Last weekend, I asked my family if we could change our weekend routine. Friday night, I watched a replay of “Tales of the Manuvu,” the original first presented in 1977. For Sunday, I asked to go to Pintô Art Museum in Antipolo, where, fortunately, Dr. Joven Cuanang was around and updated me on his dreams of strengthening the inclusion of the arts to promote well-being. Dr. Cuanang, the authority on neurology in the Philippines (yup, throw in strokes), and just talking with him about neurology and wellness made me feel better!
My kids clamored to visit Crescent Moon Cafe and Abueva pottery hub, so therapeutic too (and I don’t mean in the sense of the movie “Ghost”). Yes, you can still buy pottery/ceramics at P200 per kilo.
Sure, there was a lot of “be careful,” “go slow,” “mind the step,” but always offered with care and a helping hand. As we moved to midafternoon, one of the “kids” (I know, they’re not young anymore) said, “Dada has work to finish. It’s Monday tomorrow.”
We need to tune in to each other when handling illnesses. So let me apologize, too, but I am discouraging visitors and phone callers because that can be stressful, too, especially if unsolicited gossip is thrown in!

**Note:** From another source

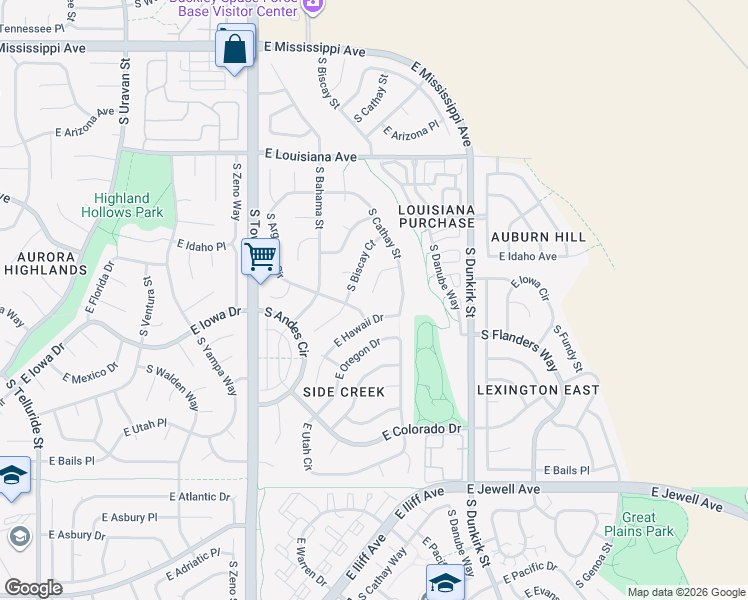 map of restaurants, bars, coffee shops, grocery stores, and more near 1493 South Cathay Way in Aurora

I’m getting better, really, I am, thanks to so many people. Special thanks to the Inquirer Opinion team, who have been amazing with proofreading, including word counts!
My mom had a flurry of transient strokes and a big bloody (hemorrhagic) one in her 70s. She lived to be 98, and until the very end, I had to whisper in her ear several times, toward the end, “It’s all right, mom, we’re all OK.” When my time comes, that’s all I’ll need for comfort.